> Task brief
After locating the line with "2011 AUDI Q5 SE FSI QUATTRO S-A" in the entries below, output it and each following line up to and including the line with "UAE Team - Men's Cycling Kit", exactly and without pictures.

---- Available records

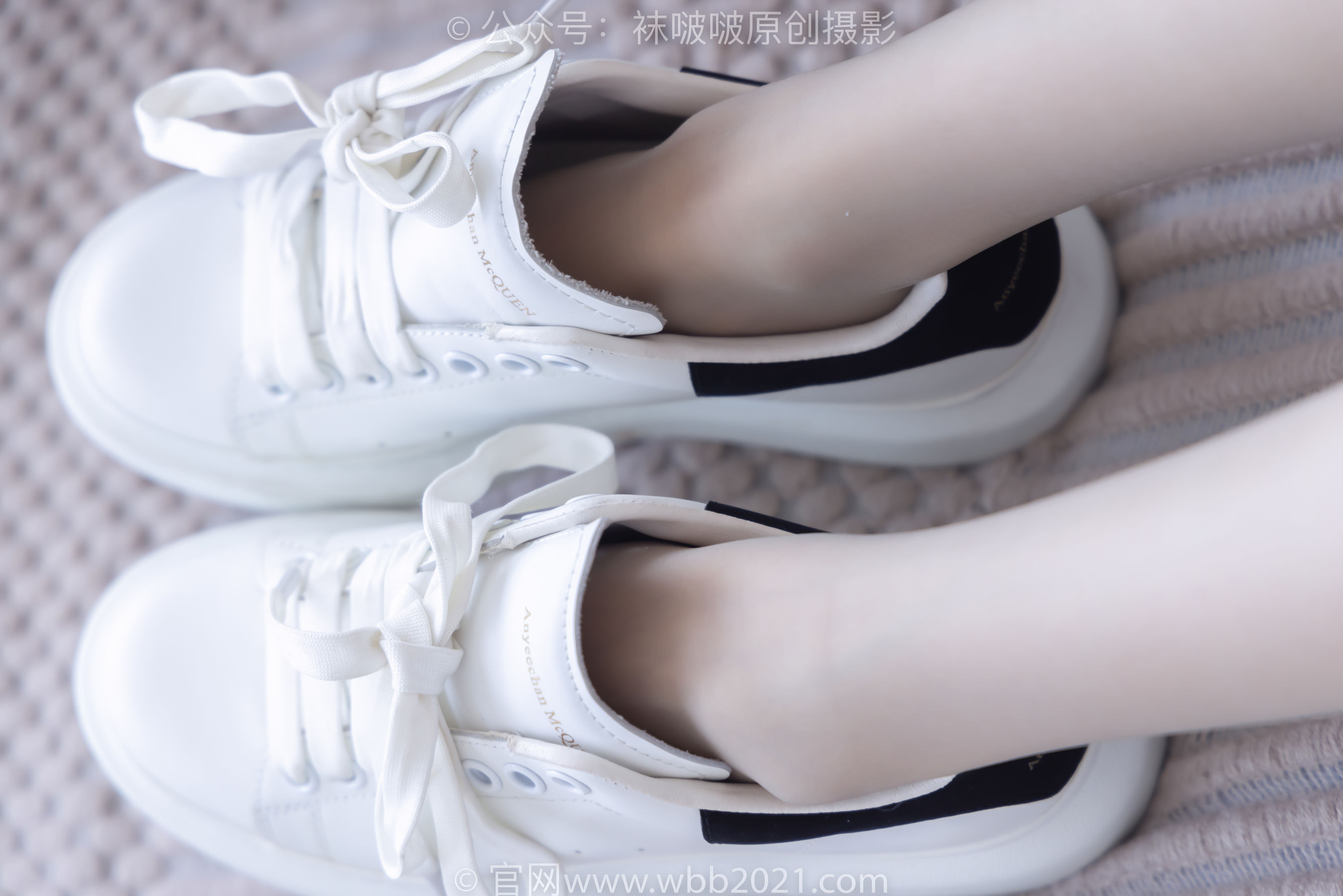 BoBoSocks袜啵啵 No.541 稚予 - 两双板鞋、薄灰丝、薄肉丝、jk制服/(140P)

--------
---- Available records

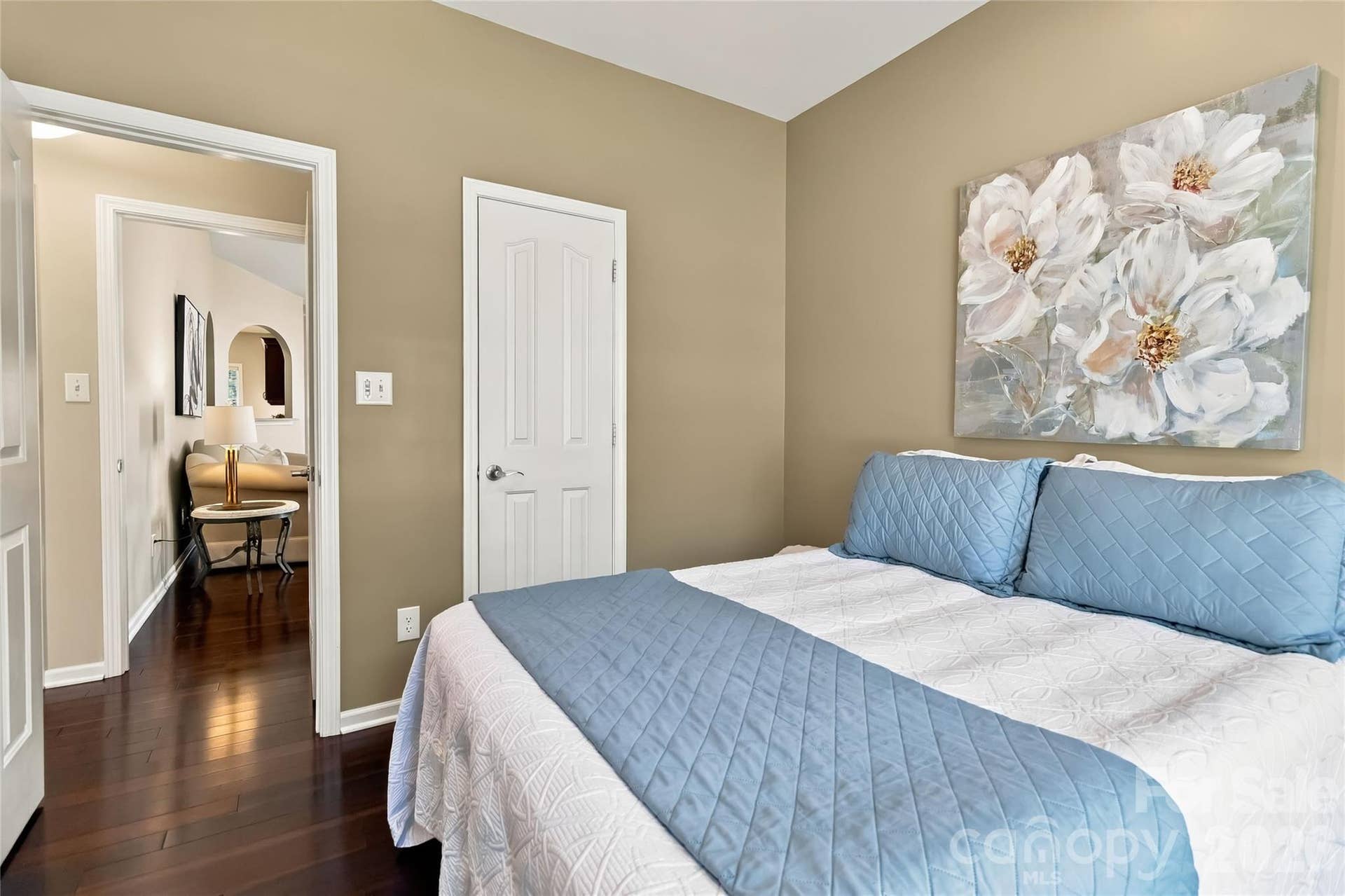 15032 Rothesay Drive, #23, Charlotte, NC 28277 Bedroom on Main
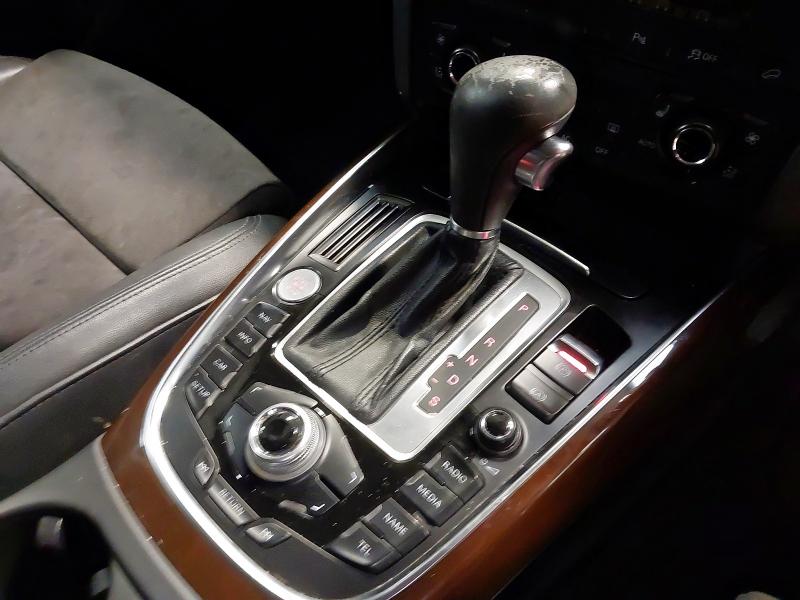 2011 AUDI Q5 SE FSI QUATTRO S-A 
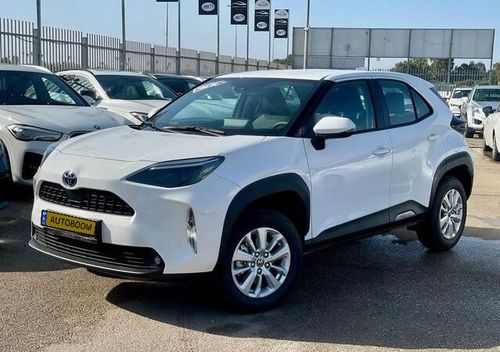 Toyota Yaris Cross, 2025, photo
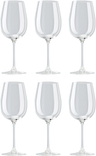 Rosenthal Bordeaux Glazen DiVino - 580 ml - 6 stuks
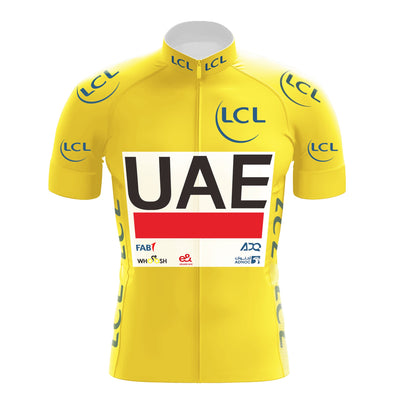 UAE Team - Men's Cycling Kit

--------
---- Available records

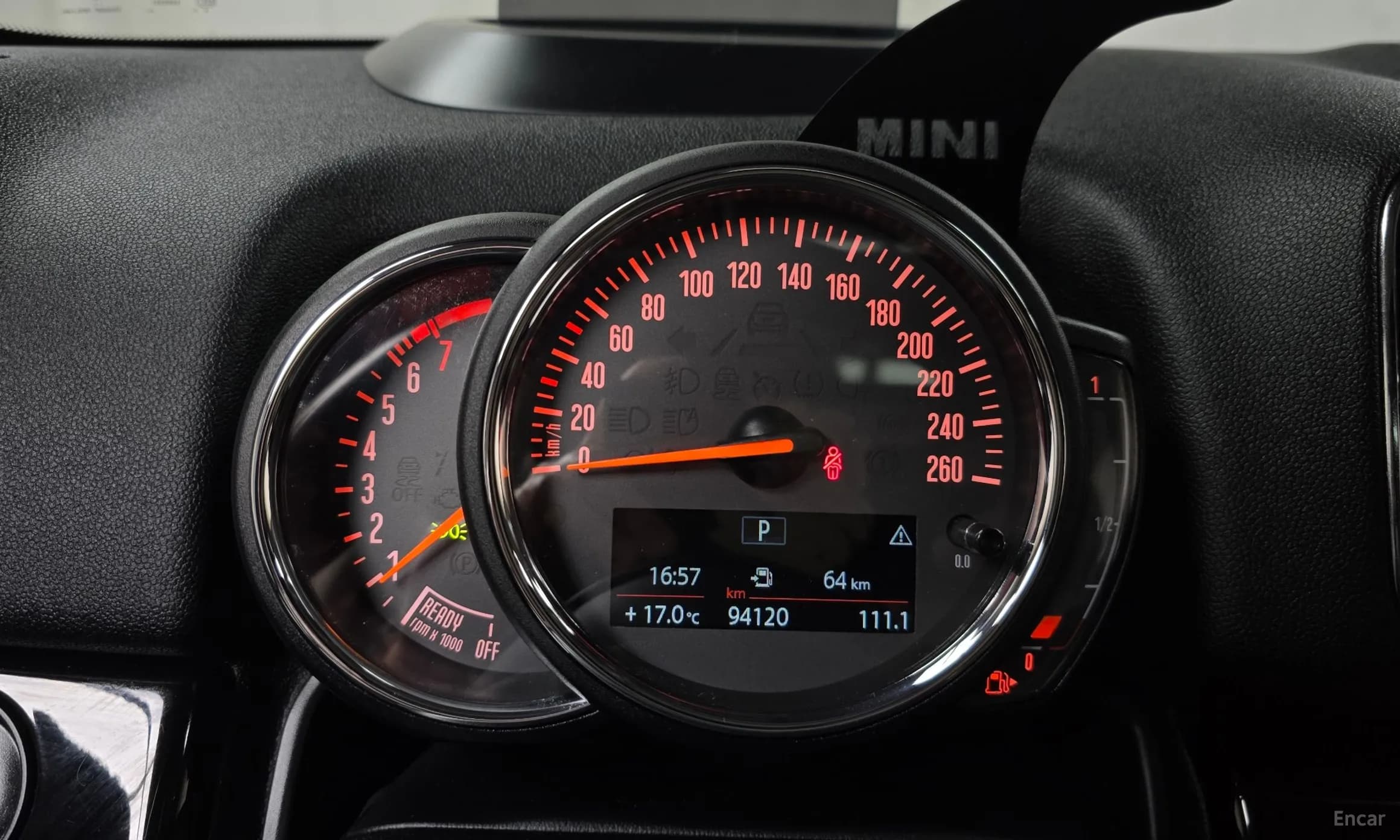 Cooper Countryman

--------

> Written answer
 2011 AUDI Q5 SE FSI QUATTRO S-A 
 Toyota Yaris Cross, 2025, photo
 Rosenthal Bordeaux Glazen DiVino - 580 ml - 6 stuks
 UAE Team - Men's Cycling Kit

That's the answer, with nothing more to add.